My upbdw meets 7 of the 9 DSM-IV criteria *some* of the time.  Our couples T (who is also my individual T) has never used the term BPD in our conversations, but he seems to agree that she has it.  At the same time, I don't know what to believe.  I read about the things that other folks' BPD SOs have done, and my wife comes nowhere close.  She is not physically abusive, she has never cheated on me, she doesn't concoct elaborate lies, she isn't jealous, she doesn't spy on me (she has read my email a couple of times, though).  It just seems like I have it easy.  Plus, for the past couple of weeks, she has been incredibly high-functioning - pleasant to be around, fun and caring to be with, making progress on job and grad school apps, making an effort to share in household tasks.
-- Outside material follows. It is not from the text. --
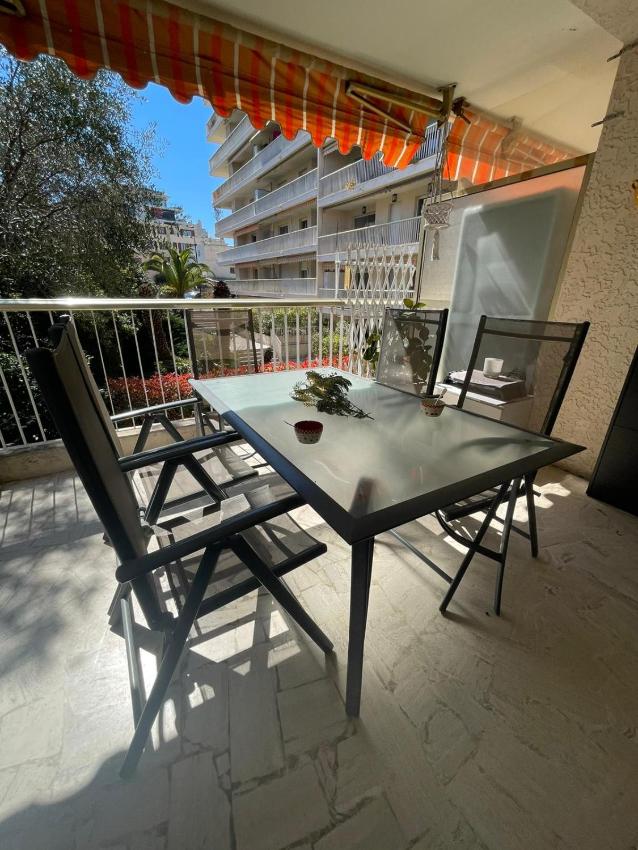 BNB RENTING spacious 1 bedroom apartment in Antibes center with a parking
I feel so mind-effed...Less than a month ago she was crying hysterically and accusing me of not caring about her feelings, called me mean and insensitive, slept for 18 hours a day, raged about perceived slights from people she barely knew, dissociated due to overstimulation, had odd paranoid ideation, etc etc.  I know BPD cycles and moods can shift quickly and unpredictably.  I have been working through Stop Walking on Eggshells and have been learning a lot about BPD.  Sometimes, though, it feels like maybe I'm completely wrong.  Maybe I am pathologizing something that isn't there.

I guess the question is, "Are there degrees of BPD?"  Can someone be "kind of" borderline?  Have other folks gone through similar questioning?  If so - what did you do to help yourself gain perspective on the situation and gauge whether or not your perceptions are valid/grounded in reality?